Woo-wee! That was monumental. Clearly, however, Nadal has had his teeth in this idea of going 1-2 with the French and Wimbly this year for some time, and today, he brought his goal to fruition. Props to the guy for becoming the first since Borg to pull it off.
Props to both men for making McEnroe insist that it was the best match he had ever seen. And then cry.
Assuming you haven't got the result yet, Fed dropped the first two sets, 4-6 4-6, then recovered to win the next two in tiebreaks, fending off championship points in the fourth set to force a fifth. No breakers at the All England Club, so they play it out. Fed has the advantage of serving first, but every time he nibbles into Rafa's service games, Rafa is up to the challenge. The Nadal breaks to go up 8-7, Fed pulls off a single great backhand return to stay in it, but Rafa closes it out 9-7. QED, five-time Wimbledon champ DETHRONED!
In all honesty, I think you have to give credit to RF for hanging tough against a RN who is definitely playing out of his mind right now and is certainly the true World Number One, not by the official ranking but by locker-room consent. I think Fed had his moments but as many have already noted, he did not look as if he had much more left in him once that fifth set pressed into the twilight. Nadal, on the other hand, looked as if he might keep holding serve until 2010.
Tactically, Fed's return was exceptionally not good and probably cost him the final. He simply did not seem capable, in the final set, of taking Nadal's serves and putting them back across the net with any urgency. This is of course a consequence of the decline of the importance of dagger-like returning on grass. If anything, Roger's serve is even more impressive than in years past.

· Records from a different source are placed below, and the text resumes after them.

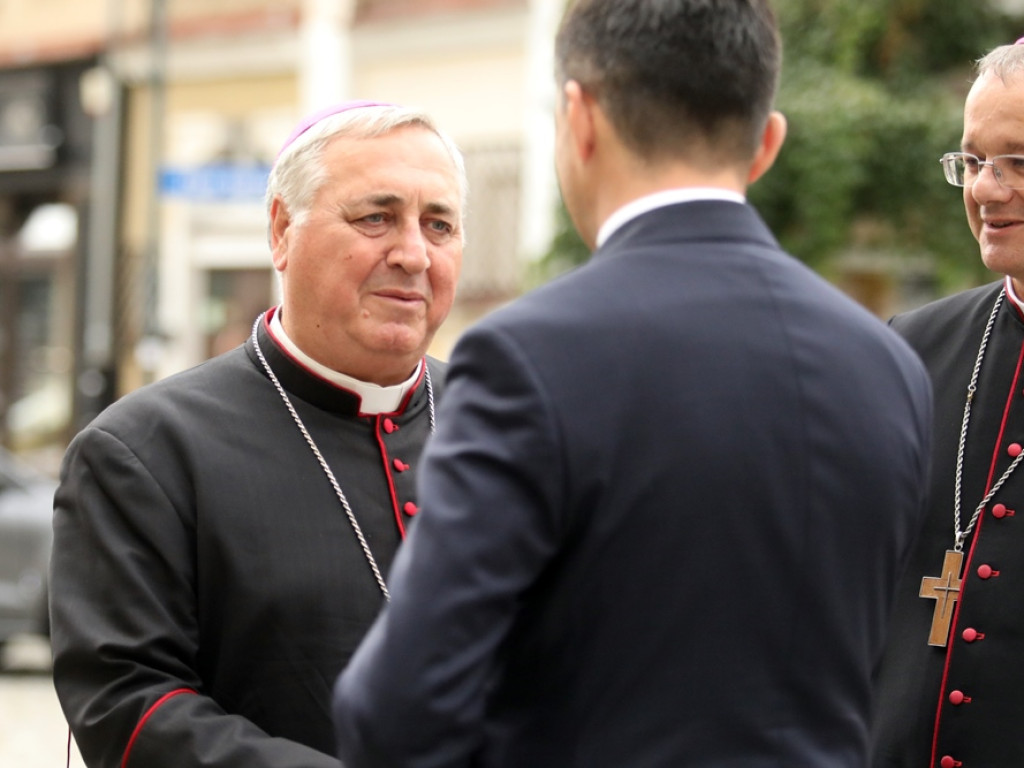 Nuncjusz Apostolski w Głogowie. Ksiądz Czerwiński dostał papieskie wyróżnienie  za szlak [ZDJĘCIA]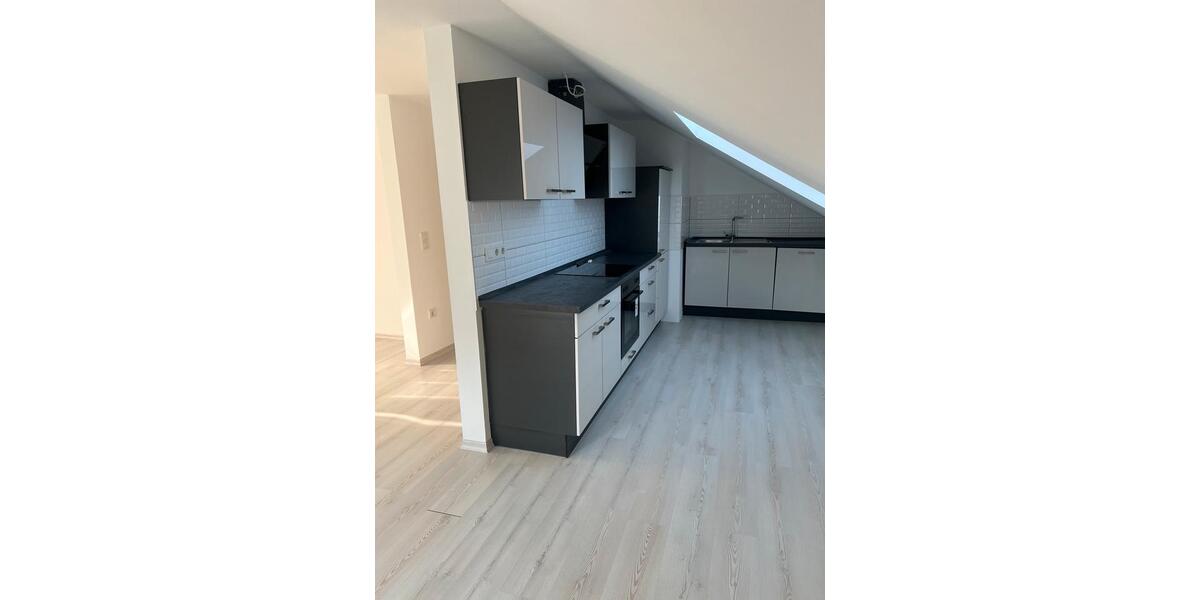 Dachgeschoßwohnung Tauberbischofsheim - 3 Zimmer, 87 m&sup2;, 1.100&euro; | Angebot:25636983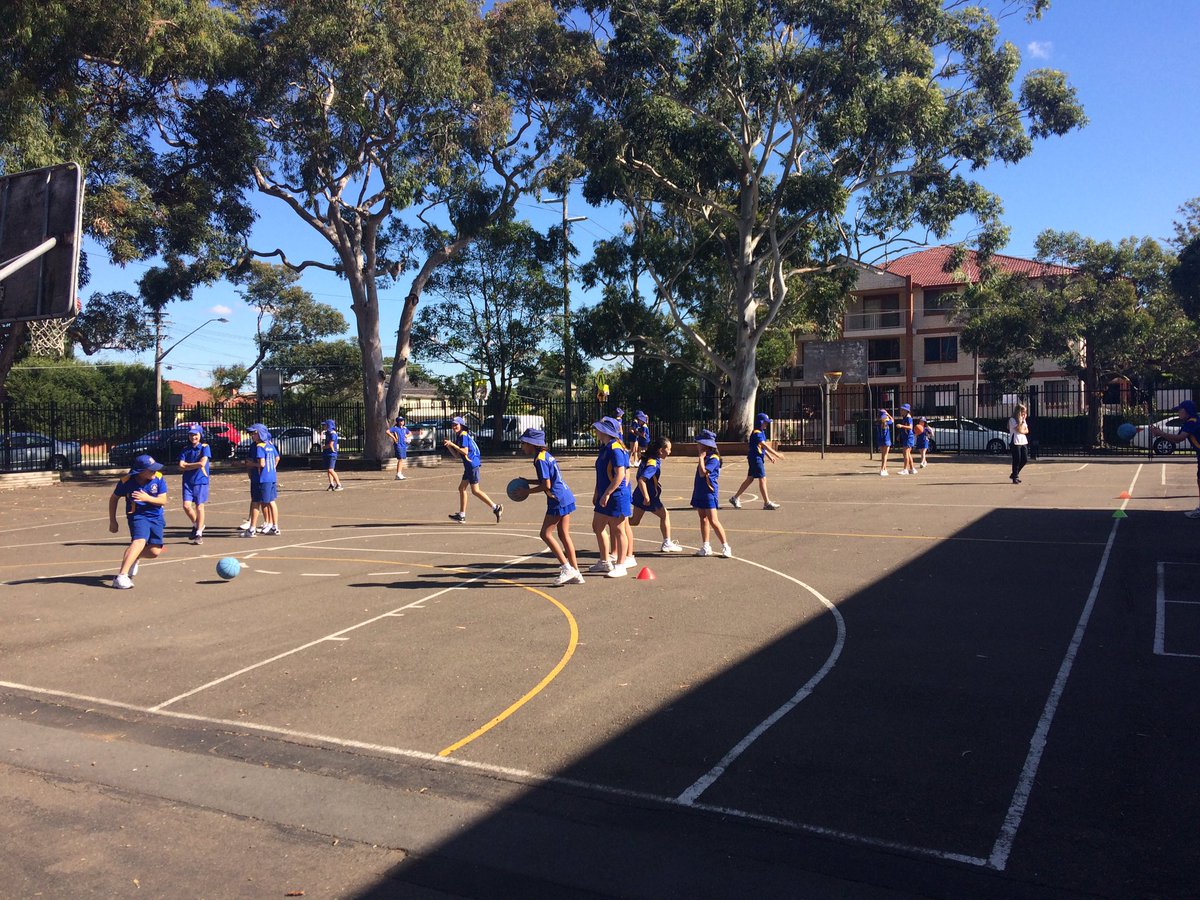 Shooting, relays, golden child and modified games at St. Catherine's on a Friday ! See you next week #boss #safezone #pressurezone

And I think the master is losing some speed, which is an inevitable occurrence as one gets on in years. Sampras replaced quickness with strength as he matured--note how much beefier he looked and played in later Slam finals, compared with his early wins--and could always focus on huge serving and brisk points, combined with one-service-break sets and tiebreaks, to carry him through. RF, on the other hand, has a complete game that unfortunately also requires more ongoing maintenance to keep sharp. As quick as Nadal is, Fed needs to remain speedy to compete. Sampras would have tried to blow Rafa off the court with S&V. And if RF wants to restore parity, that's where he needs to go.
And he needs to improve his return--which as we know, Pete once remarked was the key to his winning at Wimbledon.
My goodness, though, could Nadal be more effective with his remarkably hideous yet joyfully successful game? He's kinda sui generis, if you ask me. Like some kind of weird hybrid of McEnroe, Borg, and Connors.